- TRY IT
Retype exactly what appears below from the line containing "Ashbury Square Condos, Oakville, Toronto" down to the line containing "Kristine Lindebø Martine", keeping both end lines. Do not include pictures.

- PROVIDED RECORDS
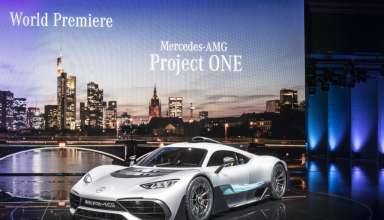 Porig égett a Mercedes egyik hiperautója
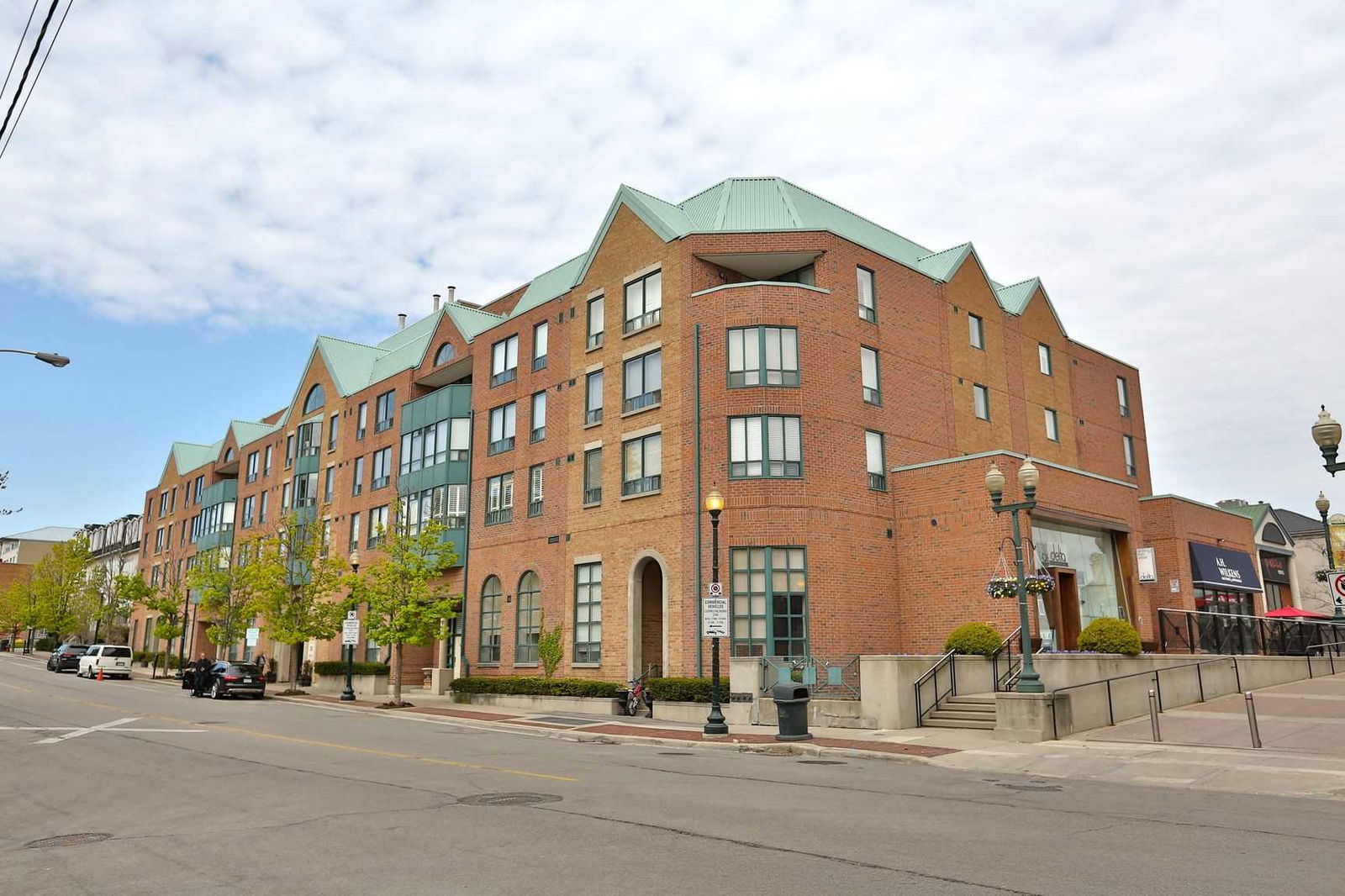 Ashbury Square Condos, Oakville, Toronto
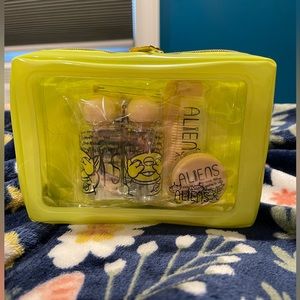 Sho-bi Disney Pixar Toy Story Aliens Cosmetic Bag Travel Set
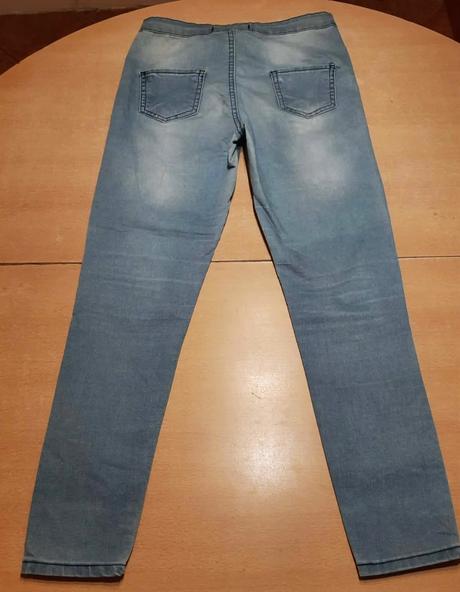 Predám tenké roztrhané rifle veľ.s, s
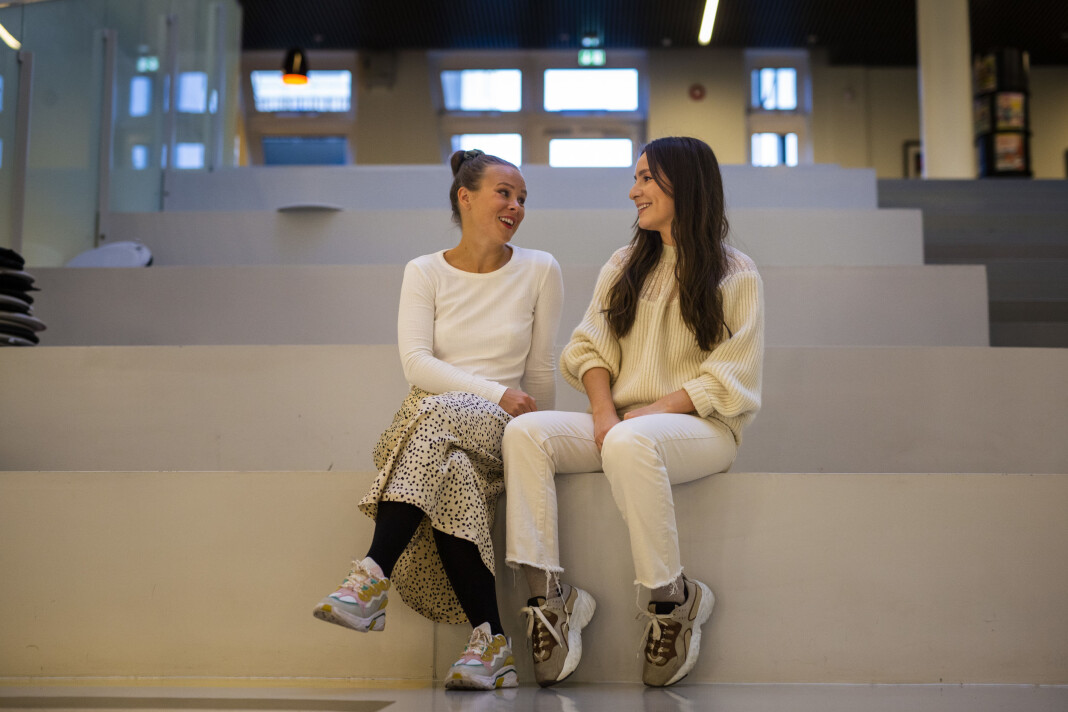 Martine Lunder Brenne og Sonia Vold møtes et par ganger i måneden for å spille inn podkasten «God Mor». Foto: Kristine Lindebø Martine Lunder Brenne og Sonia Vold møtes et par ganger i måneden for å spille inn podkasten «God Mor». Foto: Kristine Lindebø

---

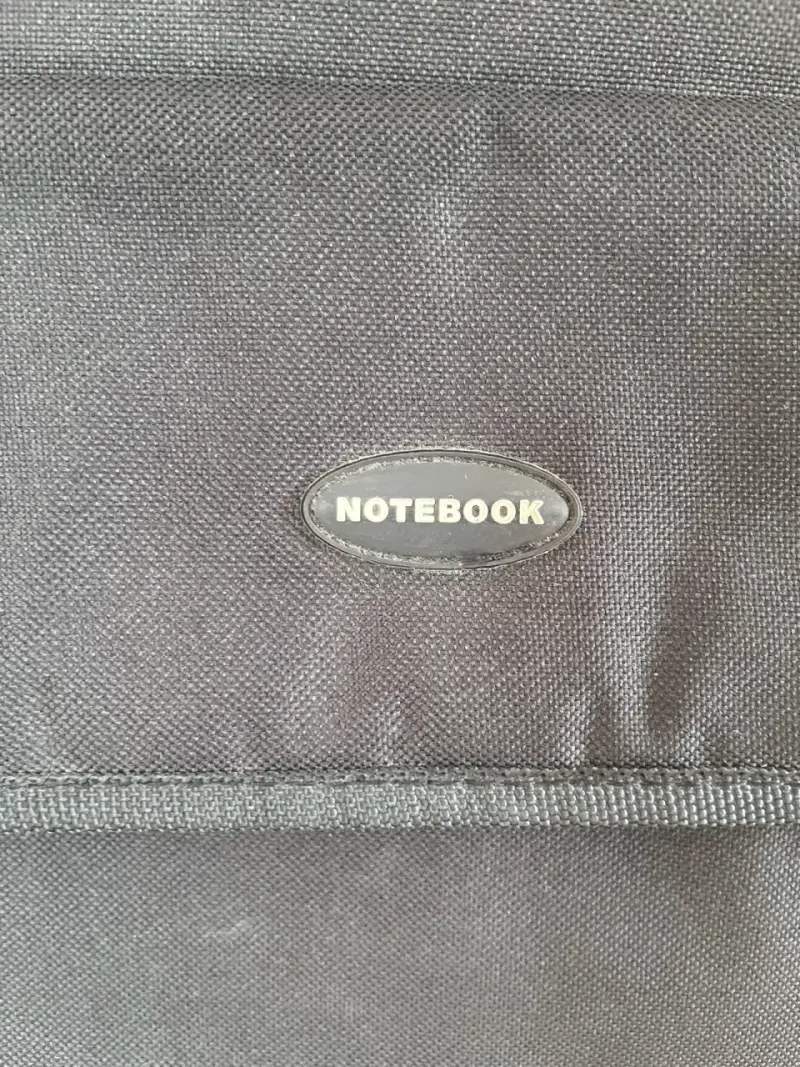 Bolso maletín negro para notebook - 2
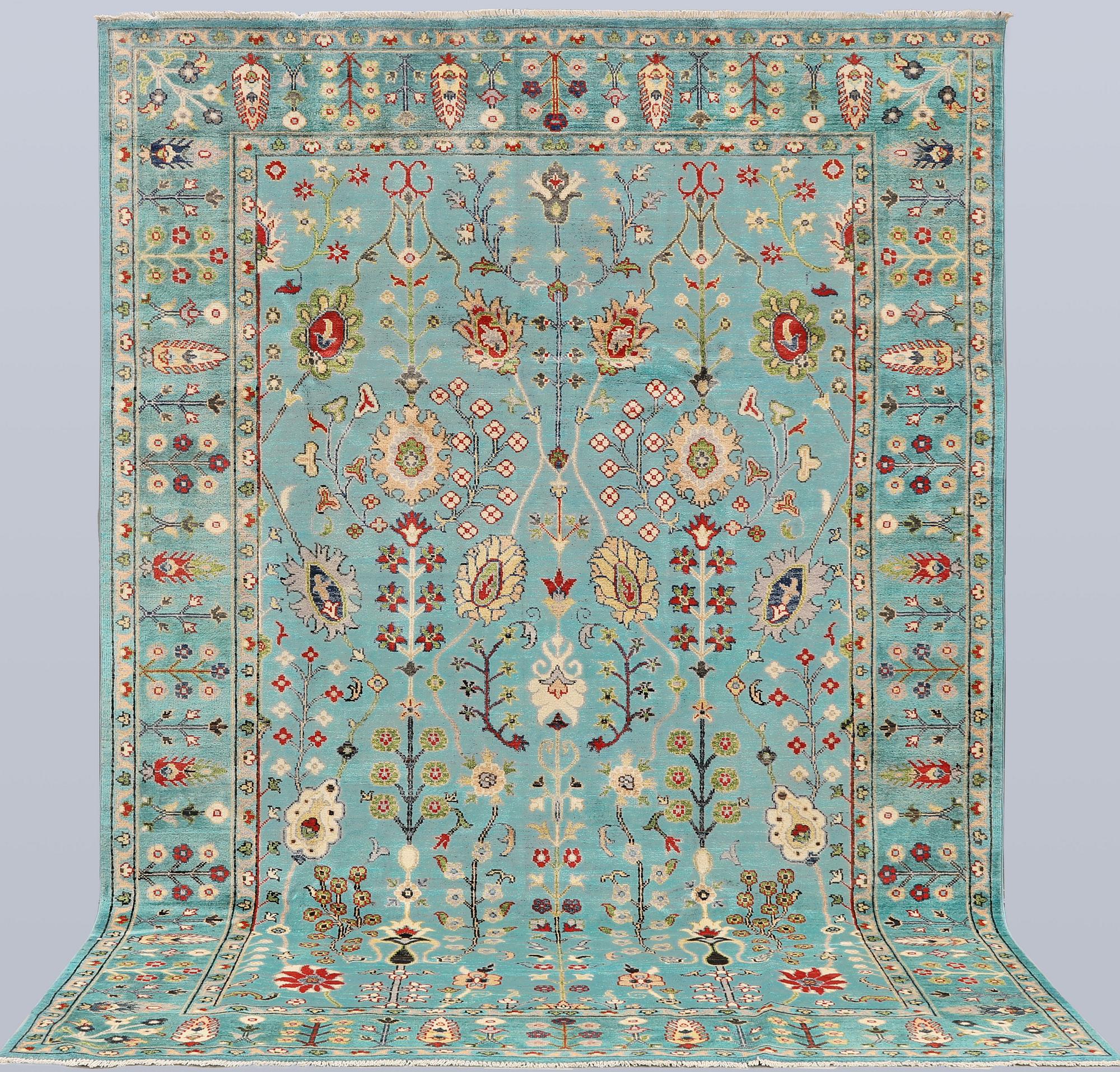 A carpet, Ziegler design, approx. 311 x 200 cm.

- EXERCISE SOLUTION
 Ashbury Square Condos, Oakville, Toronto
 Sho-bi Disney Pixar Toy Story Aliens Cosmetic Bag Travel Set
 Predám tenké roztrhané rifle veľ.s, s
 Martine Lunder Brenne og Sonia Vold møtes et par ganger i måneden for å spille inn podkasten «God Mor». Foto: Kristine Lindebø Martine Lunder Brenne og Sonia Vold møtes et par ganger i måneden for å spille inn podkasten «God Mor». Foto: Kristine Lindebø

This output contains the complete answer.